Recently, I am digging into the selection of tuning parameters in a binary classification.
I gathered information by googling and the following is my organization.
- We can distinct binary classification problems into two cases
- Balanced classification: the proportion of the two classes is about 5:5
- Imbalanced classification: the proportion of the two classes are not balanced
- In imbalanced classification problems, "accuracy" is not a good metric for model performance
- Almost classification algorithms are developed considering the balanced classification, thus, if our data set is imbalanced the algorithm classifies almost observations as the dominate class.

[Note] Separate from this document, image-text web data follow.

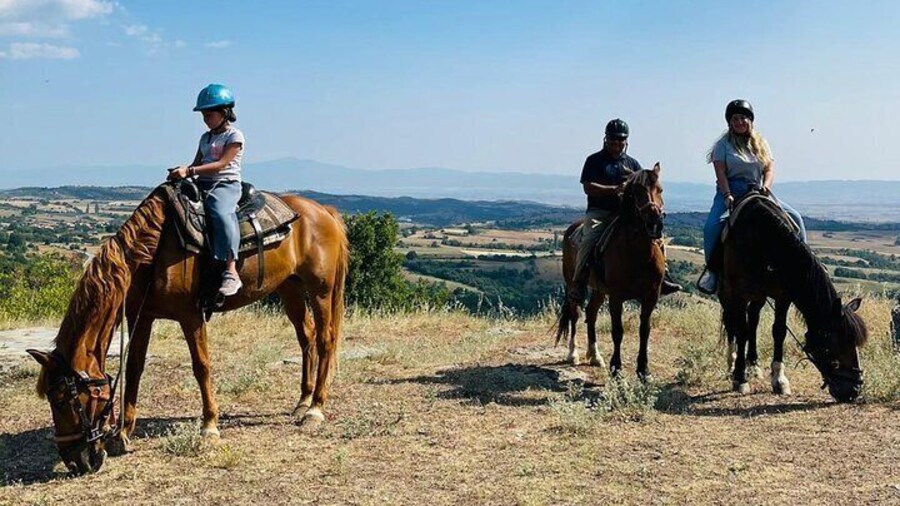 Visit a Farm and Horseback Riding in Nature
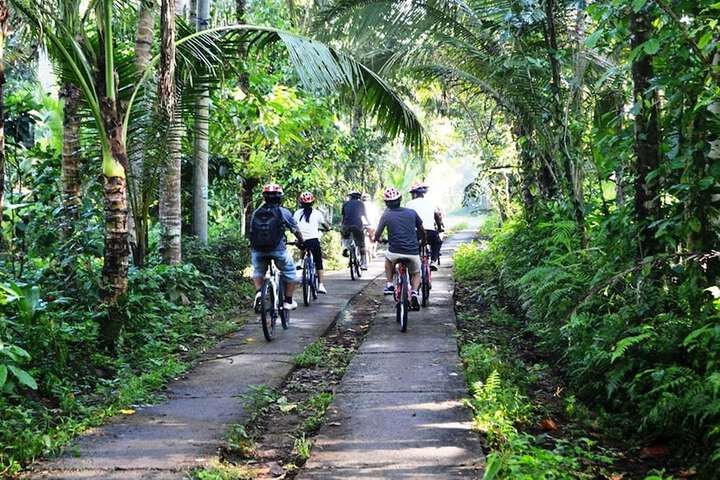 Bicycling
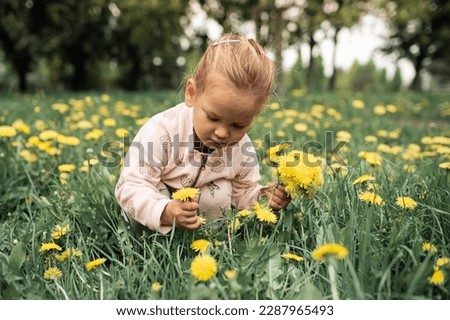little girl picking flowers yellow dandelions on meadow in summer.   Royalty-Free Stock Photo #2287965493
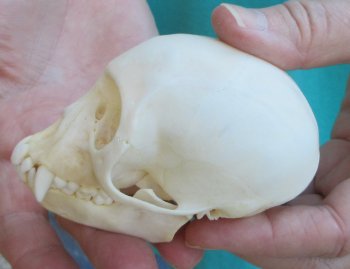 Slight B-Grade 3-1/2" Female African Vervet Monkey Skull  (CITES P-000040541)
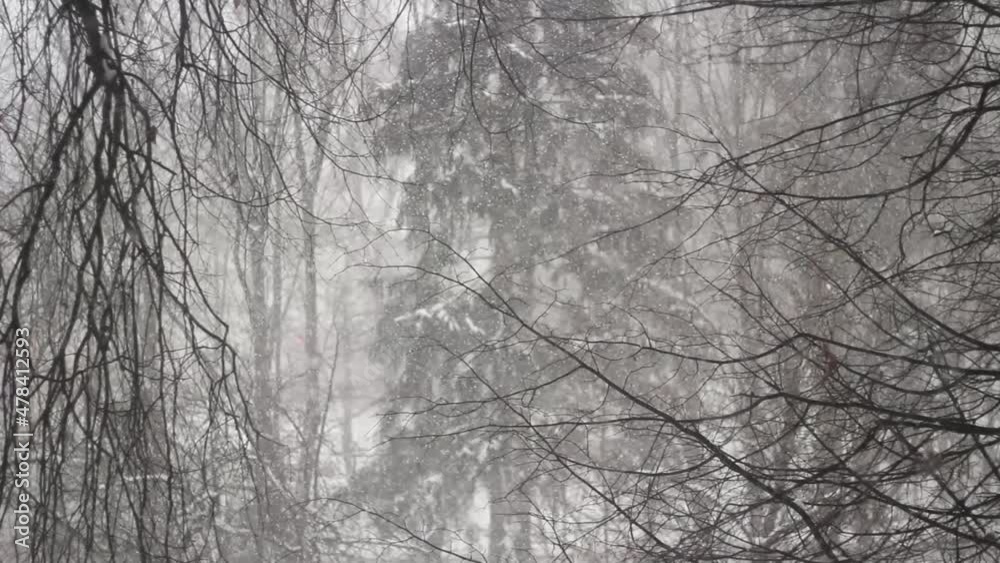 Snow falls into the details. Snowfall outside the window. Snowflakes are flying. Snow falls into the details. Snowfall outside the window. Snowflakes are flying.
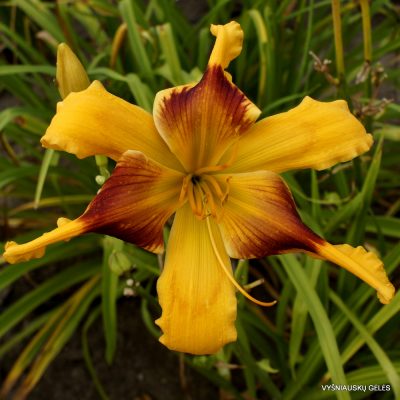 Daylily Tweaked Out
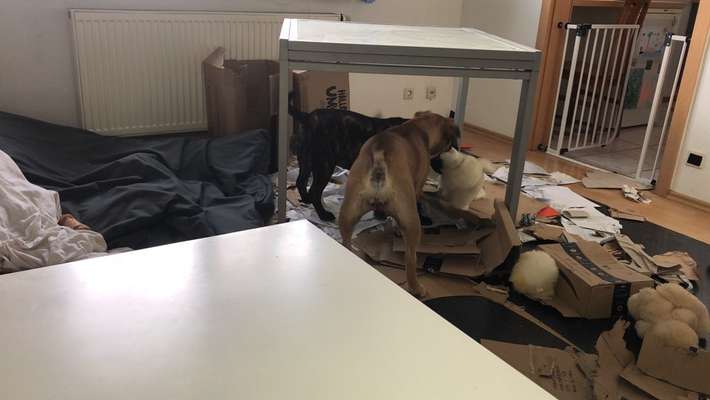 Welpen direkt nach Einzug nachts alleine schlafen lassen?-Beitrag-Bild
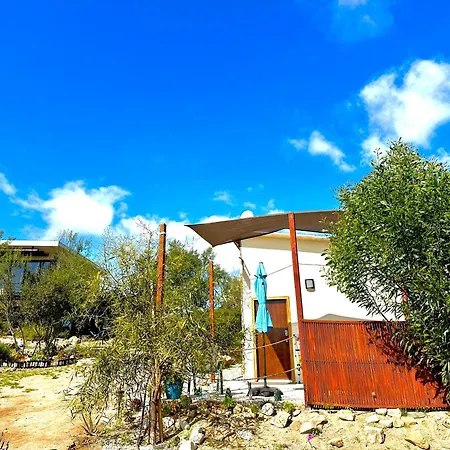 Oasis 444 Hotel San Marcos  Exterior photo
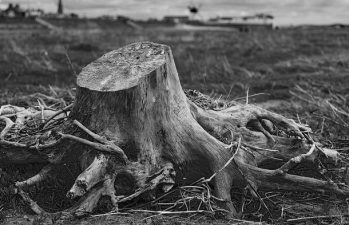 Are Bedouins Cutting Down Trees As A Form of Political Protest?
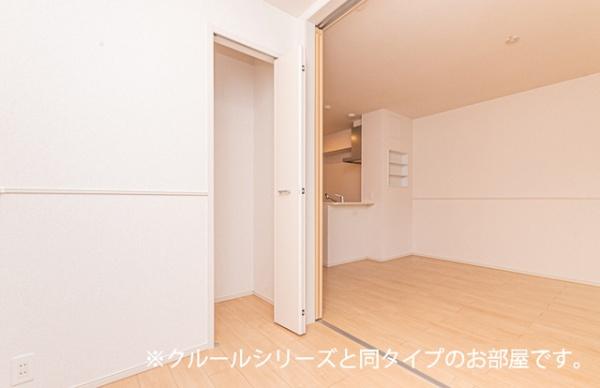 ビーナスベルト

- Therefore, although we cannot correctly classify the fewer proportion class, the accuracy is very high
- Hence, when we tune our tuning parameters by using cross-validation, the accuracy is not a good metric
My questions are as follows:
Is there any wrong part in my knowledge?
If my thought is not critically wrong, I think, we can use the accuracy to tune the parameters in the "balanced" classification problems. But, I am not sure whether that is correct idea
In every classification, we have to choose a probability threshold (= decision threshold (cutoff) = discriminant threshold (cutoff)). Considering the discussion above, it is not a good idea to use "accuracy" to select the threshold as a metric only in the imbalanced classification problems. I think, however, accuracy could be a good metric in the threshold selection in a balanced classification problem. Is this idea non-problematic?
Thank you for your time to read this long question.